Identification of MRONJ-Specific Markers Using RNA-Mapping and Pathway Analysis

Objectives: Medication related osteonecrosis of the jaw (MRONJ) is a disorder characterized by loss of blood supply to the jaws and death to the bone. In our previously work, we created a rat model of MRONJ by two injections of 60ug/Kg zoledronic acid (ZA) via tail vein followed by extraction of a single first molar. We have shown in this model a decrease in the vasculature of the jaws and a delay in bone healing for rats beyond 4 weeks. The current study was designed to identify angiogenic factors from the jaws of our MRONJ model for use in tracking the decreased angiogenesis associated with the progression of MRONJ.
Methods: Using RT-PCR arrays containing 84 different gene sequences related to angiogenesis, we screened RNA isolated from the jaws of MRONJ, control, and ZA-treated rats 6 weeks after first molar extraction. Gene expression maps and pathway analyses for each treatment group were compared to controls.

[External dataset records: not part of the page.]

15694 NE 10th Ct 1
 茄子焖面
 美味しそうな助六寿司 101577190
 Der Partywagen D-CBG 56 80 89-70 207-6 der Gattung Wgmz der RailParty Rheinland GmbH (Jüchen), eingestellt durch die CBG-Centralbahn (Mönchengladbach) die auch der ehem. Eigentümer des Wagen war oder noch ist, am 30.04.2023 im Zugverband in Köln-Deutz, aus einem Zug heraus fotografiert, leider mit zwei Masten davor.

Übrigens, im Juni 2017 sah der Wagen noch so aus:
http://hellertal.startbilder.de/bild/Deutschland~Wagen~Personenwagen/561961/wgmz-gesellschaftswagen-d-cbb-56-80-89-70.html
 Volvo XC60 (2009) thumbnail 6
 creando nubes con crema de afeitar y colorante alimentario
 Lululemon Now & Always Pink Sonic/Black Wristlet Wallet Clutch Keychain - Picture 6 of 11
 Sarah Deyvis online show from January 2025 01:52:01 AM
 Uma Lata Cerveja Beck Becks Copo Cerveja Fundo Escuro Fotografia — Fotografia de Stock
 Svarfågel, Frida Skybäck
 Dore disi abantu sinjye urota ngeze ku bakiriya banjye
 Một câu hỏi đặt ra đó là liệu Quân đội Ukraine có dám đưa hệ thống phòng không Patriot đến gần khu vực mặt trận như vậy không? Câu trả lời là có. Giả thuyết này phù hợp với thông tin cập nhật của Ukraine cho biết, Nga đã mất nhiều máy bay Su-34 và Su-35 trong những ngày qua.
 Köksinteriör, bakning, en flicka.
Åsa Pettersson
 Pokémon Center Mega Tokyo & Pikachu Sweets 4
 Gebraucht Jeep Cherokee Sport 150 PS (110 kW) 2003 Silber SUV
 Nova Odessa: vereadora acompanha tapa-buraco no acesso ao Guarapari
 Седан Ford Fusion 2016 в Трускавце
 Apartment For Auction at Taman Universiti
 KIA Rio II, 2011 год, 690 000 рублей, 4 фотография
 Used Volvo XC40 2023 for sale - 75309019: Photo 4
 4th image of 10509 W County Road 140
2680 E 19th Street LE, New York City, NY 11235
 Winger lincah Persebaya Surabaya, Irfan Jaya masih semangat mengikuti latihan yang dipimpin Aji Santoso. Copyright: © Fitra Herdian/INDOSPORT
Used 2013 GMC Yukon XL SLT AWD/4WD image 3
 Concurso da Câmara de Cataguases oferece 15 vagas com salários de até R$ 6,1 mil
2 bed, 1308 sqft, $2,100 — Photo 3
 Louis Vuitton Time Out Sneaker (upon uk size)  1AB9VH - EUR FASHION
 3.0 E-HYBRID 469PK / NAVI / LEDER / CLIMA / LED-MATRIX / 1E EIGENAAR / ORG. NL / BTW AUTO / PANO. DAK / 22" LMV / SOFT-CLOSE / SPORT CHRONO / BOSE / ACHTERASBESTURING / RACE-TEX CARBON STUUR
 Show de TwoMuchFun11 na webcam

Results: Our study demonstrates increased expression of 21 genes in rats treated with zoledronic acid (vs. controls). 16 of these genes (ACTB, B2M, COL4A3, CTGF, EFNA1, ENG, FGF1, FLT1, HIF1A, IL1B, LDHA, MDK, PGF, PLG, S1PR1, TNF) are expressed at control levels in the MRONJ group of rats 6 weeks after 1^st molar extraction. Increased expression of all 16 of these ZA-specific genes predicts activation of pathways of angiogenesis. 4 genes (IFNB1, RPLP1, THBS1, TIMP2) were expressed (relative to controls) in the MRONJ rats 6 weeks after 1^st molar extraction that did not show increased expression in rats in the ZA-treated rats without extraction. Increased expression of all 4 of these MRONJ-specific genes predicts inhibition of pathways of angiogenesis.
Conclusions: Our study identifies markers that predict the transition from early pro-angiogenic effects of zoledronic acid to late inhibition of angiogenesis with the development of MRONJ.